Pour l’heure, je puis vous dire que les besoins exprimés au cours de cette importante rencontre qu’a constitué le Forum sur l’éducation, les solutions qui y ont été avancées et les projets qui y ont été proposés par les participants de toutes les régions du Canada ont fait ressortir cinq axes d’intervention, soit le maintien et la croissance des communautés, le renforcement de la culture identitaire, l’accès à la culture, aussi bien à la culture générale d’expression française qu’à la culture scientifique en français, l’administration scolaire et, enfin, les nouvelles technologies de l’information et de la communication, notamment en appui à l’enseignement et aux apprentissages en français.

Ce Forum sur l’éducation s’inscrit tout à fait dans la nouvelle approche que j’entends développer et qui consiste à associer, dans le respect des responsabilités, compétences et priorités de chacun, le gouvernement du Québec d’une part, et les communautés francophones et leurs gouvernements provinciaux d’autre part, pour la mise en route de projets communs et structurants dans le domaine de l’éducation. Dans le sillage et l’esprit des recommandations de ce Forum, nous allons donc proposer divers modes de coopération visant à bâtir une « vision globale de l’éducation en français ». Nous sommes d’ailleurs à préparer un plan d’action inspiré essentiellement des pistes qui nous ont été suggérées par les participants, lequel plan balisera nos interventions au cours des prochaines années.

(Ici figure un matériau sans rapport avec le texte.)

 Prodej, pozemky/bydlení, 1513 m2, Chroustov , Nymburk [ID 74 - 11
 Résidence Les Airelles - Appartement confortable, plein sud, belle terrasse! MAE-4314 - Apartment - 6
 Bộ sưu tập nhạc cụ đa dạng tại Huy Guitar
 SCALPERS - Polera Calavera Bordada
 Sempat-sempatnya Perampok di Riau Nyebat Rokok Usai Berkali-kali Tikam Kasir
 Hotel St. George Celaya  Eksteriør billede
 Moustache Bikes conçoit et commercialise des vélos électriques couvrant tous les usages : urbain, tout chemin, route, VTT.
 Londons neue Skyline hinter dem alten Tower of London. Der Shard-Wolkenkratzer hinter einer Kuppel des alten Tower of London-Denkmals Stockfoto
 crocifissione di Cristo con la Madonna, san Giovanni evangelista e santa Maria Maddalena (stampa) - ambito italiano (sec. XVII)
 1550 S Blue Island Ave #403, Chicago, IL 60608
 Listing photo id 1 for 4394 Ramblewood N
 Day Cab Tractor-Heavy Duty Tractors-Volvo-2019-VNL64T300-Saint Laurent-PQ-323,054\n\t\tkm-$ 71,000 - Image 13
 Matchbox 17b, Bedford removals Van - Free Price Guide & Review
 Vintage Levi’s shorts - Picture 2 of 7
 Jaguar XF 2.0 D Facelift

En outre, nous avons entamé des pourparlers avec l’Ontario et le Nouveau-Brunswick afin de moderniser les ententes que nous avons conclues il y a plusieurs années avec ces provinces; nous avons également entrepris des discussions avec la province de Terre-Neuve-et-Labrador, afin de signer une première entente de coopération avec cette dernière. Toutes ces ententes comporteront un important volet consacré à la francophonie, lequel fera lui-même une large place à l’éducation, en vue de la réalisation des objectifs qui ont découlé du Forum dont j’ai parlé précédemment.

Toutes ces initiatives dont je viens de vous dresser un portrait succinct montrent à l’évidence que le gouvernement du Québec souhaite réellement définir des positions communes et des pistes d’intervention qui nous permettront d’assurer tous ensemble le rayonnement d’une francophonie unie, quoique diversifiée. Vous le voyez, le Québec a l’intention de se rapprocher des communautés francophones et acadiennes et de leurs gouvernements davantage que par le passé.

Nous allons nous organiser et nous redéployer de façon à faire tomber les barrières qui nous ont éloignés les uns des autres pendant si longtemps; nous allons nous fixer comme objectif de parler de l’avenir, le plus souvent possible, d’une seule et même voix, en faveur du français, pour sa vitalité et pour son rayonnement.